GlacioHack / geoutils

Analysis of georeferenced rasters and vectors
https://geoutils.readthedocs.io/
BSD 3-Clause "New" or "Revised" License
86 stars 19 forks source link

Consistently use NumPy's default random number generator to avoid RAM usage issues from legacy call #536

Closed rhugonnet closed 6 months ago

rhugonnet commented 6 months ago

Turns out using the legacy NumPy random generator

x = np.random.choice()

or its equivalent for consistency in the random output:

rnd = np.random.RandomState(np.random.MT19937(np.random.SeedSequence(random_state)))
rnd.choice()

and without replacement (replace=False) is leaking RAM usage by creating in memory an array the size of the sample size requested, which is not cleared after the function call.

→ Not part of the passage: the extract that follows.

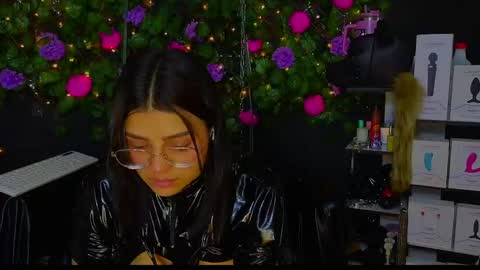 Snapshot of sweett_mollyy chatting on 23, 5, 2026 Molly - INDEPENDENT MODEL online show from 23, 5, 2026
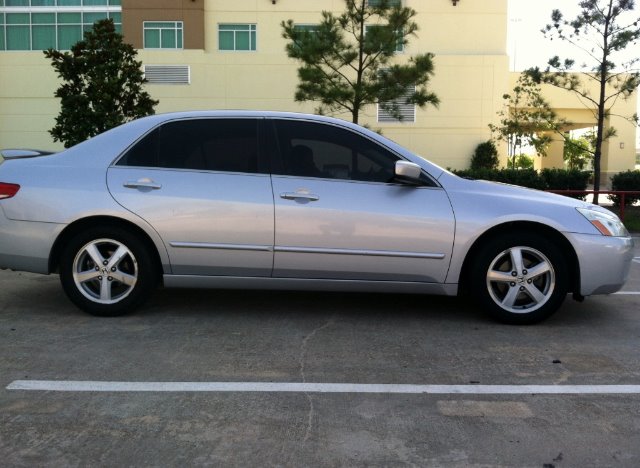 Honda Accord 2003 photo 7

So, for instance, asking for 100 random points with a value between 0 and 1 billion, without replacement, will create an array of size 1 billion in memory which stays for a while. See https://github.com/numpy/numpy/issues/14169 and https://github.com/GlacioHack/xdem/discussions/501#discussioncomment-9149146. And we are currently doing this everywhere :scream:

We need to replace everywhere in GeoUtils and xDEM by:

rnd = np.random.default_rng(seed=random_state)